トキ・アートスペースの小松浩子展の過剰さがおもしろい

 東京港区のトキ・アートスペースで小松浩子写真展が開かれている(12月13日まで)。小松は神奈川県生まれ、写真は金村修に学んでいる。初個展は今はもう閉廊したギャラリー山口で6年前の2009年だった。以来、ギャラリーQ、トキ・アートスペース、The Whiteなどで個展をすでに24回も開いている。ドイツのグループ展にも招かれたと言っていた。




 画廊に足を踏み入れるとカーテンのように大きなモノクロ写真が垂れ下がっている。
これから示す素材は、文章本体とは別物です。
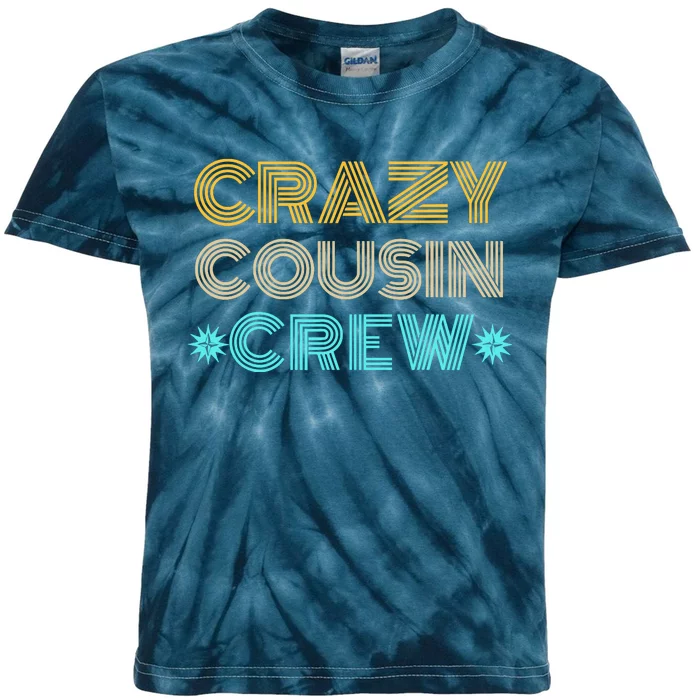 Crazy Cousin Crew Kids Tie-Dye T-Shirt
それをすり抜けて奥まで進むと壁一面にこれまた大きなモノクロ写真が貼り巡らせてある。床にも無数の写真が置かれている。写真の上を歩いていいですよと言われて、おそるおそる足を踏み出す。この床の写真が約400枚。写真はすべてフィルムで撮影しバライタ紙に自分で焼き付けている。壁や垂れ下がっている大きな写真はロール紙のまま焼いている。
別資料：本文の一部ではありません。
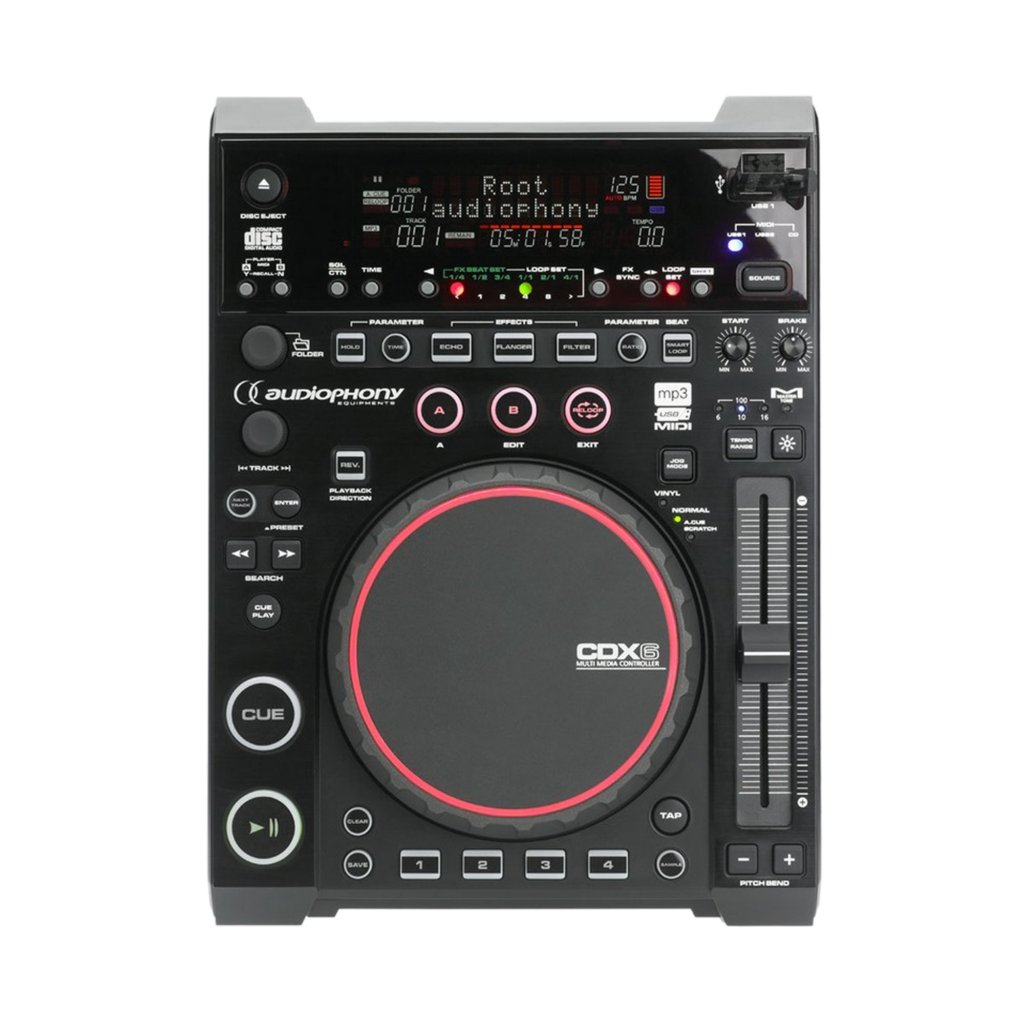 Audiophony - CDX6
 その量に圧倒されて個々の写真をじっくり見る余裕がない。それでも見渡すと廃墟のようであったり資材置き場であったりといった場所を撮っている。床に置かれた四角い箱状のものは積み重ねられた写真を意味しているようだ。
 それにしても何という過剰さだろう! 過剰なのは写真の分量でありそれらを撮影し現像し焼き付けた行為の過剰さだ。なにより大量のプリント作業には人生の過半を費やしているのではないかと揶揄したくなるほどだ。40年前に新宿の写真ギャラリーCAMPで毎週開かれていた北島敬三の「東京特急」シリーズを思い出す。やはり全紙のモノクロ写真が壁一面に貼り付けられていた。まだ現像液だか定着液だかが強く匂っていたが、写真の量の激しさでは今回の小松の方が徹底している。
 小松が師事した金村修は、以前感心した別の写真作家も教えを受けたと言っていた。するとおそらく金村は名伯楽に違いない。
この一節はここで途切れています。